Letztlich kann die Frage der Unbilligkeit eines Gegenstandwertes von 5000 Euro für Bescheidungsklagen aber offen bleiben, denn eine Herabsetzung scheitert an der weiteren tatbestandlichen Voraussetzung, dass die Unbilligkeit „nach den besonderen Umständen des Einzelfalles“ gegeben sein muss. Eine Bescheidungsklage ist indes – wie die Vielzahl an derartigen Verfahren zeigt – bereits kein Einzelfall, noch wird dieser durch besondere Umstände geprägt. Dies wird letztlich auch durch die Einlassung des BAMF bestätigt, wonach zum Zeitpunkt der Erhebung der Klage dem Bundesamt Asylanträge in sechsstelliger Zahl vorlagen, die noch älteren Datums waren als der Asylantrag des Asylbewerbers. Wenn das Bundesamt – wie vorgetragen – schon aus Gerechtigkeitserwägungen eine Bevorzugung derer ablehnt, „die mit Untätigkeitsklagen und ähnlichem eine bevorzugte Bearbeitung und ggf. eine zusätzliche Gebührenregenerierung für die jeweiligen Verfahrensbevollmächtigten erreichen wollen“, wird hierdurch gerade eine generelle Verfahrenspraxis belegt. Gegen eine solche Praxis gerichtete Bescheidungsklagen zeichnen sich daher nicht durch besondere Umstände des Einzelfalles aus, sondern stellen Rechtsmittel in einer Vielzahl gleichgelagerter Fälle dar. Hätte der Gesetzgeber generell für derartige Klagen einen niedrigeren Gegenstandswert für gerechtfertigt gehalten, hätte er dies durch eine abstrakt generelle gesetzliche Regelung bestimmen können und müssen. Eine Herabsetzung aufgrund besonderer Einzelfallkonstellation erlaubt eine Bescheidungsklage als solche hingegen nicht.

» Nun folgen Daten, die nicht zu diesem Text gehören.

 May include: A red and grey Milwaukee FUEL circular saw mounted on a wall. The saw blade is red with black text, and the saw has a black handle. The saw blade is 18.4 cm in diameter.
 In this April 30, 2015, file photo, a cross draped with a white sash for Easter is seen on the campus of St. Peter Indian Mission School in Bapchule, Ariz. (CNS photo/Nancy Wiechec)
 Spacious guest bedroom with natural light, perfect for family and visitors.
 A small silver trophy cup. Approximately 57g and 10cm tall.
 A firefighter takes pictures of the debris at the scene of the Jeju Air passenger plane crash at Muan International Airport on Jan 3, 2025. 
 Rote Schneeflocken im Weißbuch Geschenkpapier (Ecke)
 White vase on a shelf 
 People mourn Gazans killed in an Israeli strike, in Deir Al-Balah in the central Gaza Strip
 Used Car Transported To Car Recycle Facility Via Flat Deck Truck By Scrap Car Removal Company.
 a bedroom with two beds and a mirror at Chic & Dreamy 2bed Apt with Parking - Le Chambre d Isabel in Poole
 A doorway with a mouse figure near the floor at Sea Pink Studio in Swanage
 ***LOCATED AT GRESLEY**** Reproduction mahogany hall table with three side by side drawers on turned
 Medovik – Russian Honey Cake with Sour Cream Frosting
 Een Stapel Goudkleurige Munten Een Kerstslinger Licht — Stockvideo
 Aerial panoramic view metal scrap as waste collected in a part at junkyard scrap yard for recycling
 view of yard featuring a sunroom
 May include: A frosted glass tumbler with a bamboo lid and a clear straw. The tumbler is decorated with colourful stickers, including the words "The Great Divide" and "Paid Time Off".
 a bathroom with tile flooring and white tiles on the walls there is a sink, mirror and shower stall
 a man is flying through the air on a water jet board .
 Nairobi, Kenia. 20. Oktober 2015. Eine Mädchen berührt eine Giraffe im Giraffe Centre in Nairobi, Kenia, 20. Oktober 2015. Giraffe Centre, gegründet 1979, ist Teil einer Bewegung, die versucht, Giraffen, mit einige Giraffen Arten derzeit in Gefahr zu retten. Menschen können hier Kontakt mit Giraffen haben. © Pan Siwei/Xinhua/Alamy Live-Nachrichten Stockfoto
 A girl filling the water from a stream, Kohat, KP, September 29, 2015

Verwaltungsgericht Stuttgart, Beschluss vom 10. März 2017 – A 9 K 5939/16
- vgl. Wahlen/Thiele, in: Scheider/Wolf, AnwaltKommentar RVG, 7. Auflage, § 30 Rn. 13 ff.; Mayer, in: Gerold/Schmidt, RVG, 7. Auflage, § 30 Rn. 1; Potthoff, in: Riedel/Sußbauer, RVG, 10. Auflage, § 30 Rn. 7; s. auch BT-Drs. 17/11471 S. 269[↩]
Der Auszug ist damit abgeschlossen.